Politik darf Zivilgesellschaft nicht übergehen
Die Zivilgesellschaft darf im politischen Prozess nicht übergangen werden. Diesen Appell hat der steirische Caritasdirektor Herbert Beiglböck am Mittwoch an die politisch Verantwortlichen im Land gerichtet. Er äußerte sich bei der Präsentation des Solidaritätsbarometers 2019 in Graz. Diese Studie über Hilfsbereitschaft und Wertevorstellungen der Steirer hat die Caritas mit dem Grazer Soziologen Florian Brugger zum zweiten Mal erstellt. Sie ergibt eine grundsätzlich große solidarische Einstellung der Steirer, gegenüber dem Vorjahr ist der Wert jedoch leicht gesunken. Beiglböck sieht einen Zusammenhang zwischen der Einstellung der Menschen und Entwicklungen auf politischer Ebene.

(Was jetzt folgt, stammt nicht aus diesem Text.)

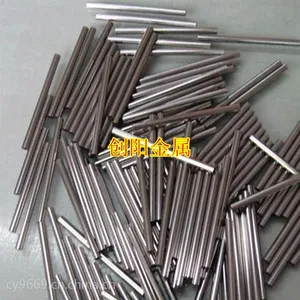 深圳创阳：供应304软态不锈钢毛细管 医用304针管 可开孔 磨尖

Wesentlich für das Funktionieren der Gesellschaft sei Solidarität und die Bereitschaft, sie selbst zu leben, hielt Beiglböck fest. Auf der politischen Ebene verlange das Prinzip der Solidarität, das Zusammenwirken aller gesellschaftlichen Kräfte im politischen Prozess zu garantieren. "Die verschiedenen Interessen hören, gegeneinander abwägen und dann Entscheidungen treffen, die bestmöglich dem Wohle aller dienen: das wäre das Wesen einer ideal gedachten Demokratie", so der Caritasdirektor. Er müsse deshalb festhalten, "dass es aktuell politische Tendenzen gibt, die mir große Sorgen bereiten". Und das habe ganz ursächlich mit Solidarität zu tun: "Wir erleben immer wieder, dass die Zivilgesellschaft im politischen Prozess übergangen wird."
Beiglböck illustrierte seine Kritik mit dem "Dilemma um den Karfreitag": So habe der Dialog zwischen Politik und in dem Fall den Kirchen, die ein Element der organisierten Zivilgesellschaft sind, zunächst nicht stattgefunden. "Das Ergebnis war eine unglückliche Lösung, die gezeigt hat, dass gute Ergebnisse eben nicht entstehen können, wenn die Zivilgesellschaft nicht gehört wird", so der Caritasdirektor. Dann bestehe auch die Gefahr, "dass Grundsätze kippen". Eine aktive Zivilgesellschaft sei deshalb das Fundament für eine funktionierende Demokratie. "Sie zu hören und einzubinden, ist keine Höflichkeit, sondern Notwendigkeit und ein Gebot staatlicher Solidarität", mahnte Beiglböck.
Messgröße für Solidarität
Im Jahr 2018 hat die Caritas Steiermark erstmals den Solidaritätsbarometer für die Steiermark erstellt. (Die Befragung dazu fand im November 2017 statt.) Die Idee hinter dieser Erhebung ist, eine Messgröße zu erhalten für die Einstellung der Menschen zu Werten wie Gemeinsinn und Hilfsbereitschaft. Der Grazer Soziologe Florian Brugger erstellt die Studie, die über fünf Jahre hinweg jährlich durchgeführt werden soll. Befragt wurden dazu für die aktuelle Studie im November 2018 1.020 Personen in der Steiermark.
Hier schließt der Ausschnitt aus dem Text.